Sex After Kids

13 July 2020

By Renee Yam

 

Having kids is rewarding, it gives our lives deep meaning and purpose. But kids do change our relationship to everything in our life, including our sex life! What was a priority before isn’t anymore and what wasn’t a priority before is now.

Our adoring little humans, that we are obsessed with, demand our attention 24/7 leaving us with little uninterrupted time for ourselves, let alone for each other. Its so easy for sex to be a task at the bottom of our to-do-list for the day.

Sex is a powerful brain-bonding experience that can affirm a couple and remind them that before they were parents, they were lovers. They laughed, flirted, teased, had fun, dated, dined and played together. Kids need their parents in loving healthy committed relationships to keep building their sexual intimacy. Your marriage is so important, it holds your family together.

So how can you keep sexual intimacy a priority in your relationship?

GREET YOUR SPOUSE FIRST

So often when we get home, we go straight to our kids. Of course, its not hard to go to them first when they are waiting at the door to greet us with love and affection. Make it intentional to go to each other first, give each other a hug or kiss and ask how their day was. It shows your kids that your spouse is a priority.

DATE EACH OTHER

It’s a wonderful thing to be pursued, desired and wanted by the person that we love. It’s a choice to be intentional about creating moments and memories together that are fun, adventurous and new. What new memory or new adventure have you been on lately? What new restaurant or new location have you visited together? Invest into date nights or couple time, the future of your marriage is worth the money you spend on a babysitter. And if you can’t do that, turn your living room into a date night. Dim the lights, order delivery dinner, light some candles, put some music on and throw out the picnic rug and enjoy a date at home.
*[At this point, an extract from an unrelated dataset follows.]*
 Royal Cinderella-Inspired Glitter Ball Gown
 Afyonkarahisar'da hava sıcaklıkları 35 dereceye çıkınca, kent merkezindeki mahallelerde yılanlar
On that date, try not to just talk about the cute things your kids did that day. Focus on each other, make each other laugh, tell silly jokes, ask questions about how each other are going or dream about the future.  Highlight the things you love about each other, tell your spouse the good things they do for you. Appreciate them, say please and thank you on a daily basis.

CREATE ADULT TIME IN YOUR FAMILY

Establish a bed time routine with your kids that allows you adult time. E.g. set bed time or set time that kids have quiet time in their room so adults can have time in their room (that doesn’t mean you have to have sex but it creates boundaries and shows our kids that adults need time together on their own as well). It also gives you as a couple permission to connect and be present with each other.

GET A LOCK ON YOUR BEDROOM DOOR

As parents we can feel like locking the door means we aren’t available to our kids or we are not attending to their needs. Closing the door means a person wants privacy and this is a helpful boundary to teach kids. Even as kids, they need privacy and down time for their own personal wellness. A lock on the door does not mean you are not available to them, its pretty hard to ignore a cry or scream anyway.

STAY CURIOUS

Don’t assume you know everything about each other. There is so much to know about a person! We are constantly changing, developing and growing. When we are curious, we seek to understand and know more. In your sexual intimacy with your spouse, how can you stay curious? How can you seek to know more about what they like, enjoy, what brings them satisfaction or adventure, what makes them feel safe or what turns them on? What makes them feel desired and wanted?

Work together to cultivate curiosity in your intimacy. And remember, your kids are a product of your love together.

Keep loving each other well! Its an investment worth making!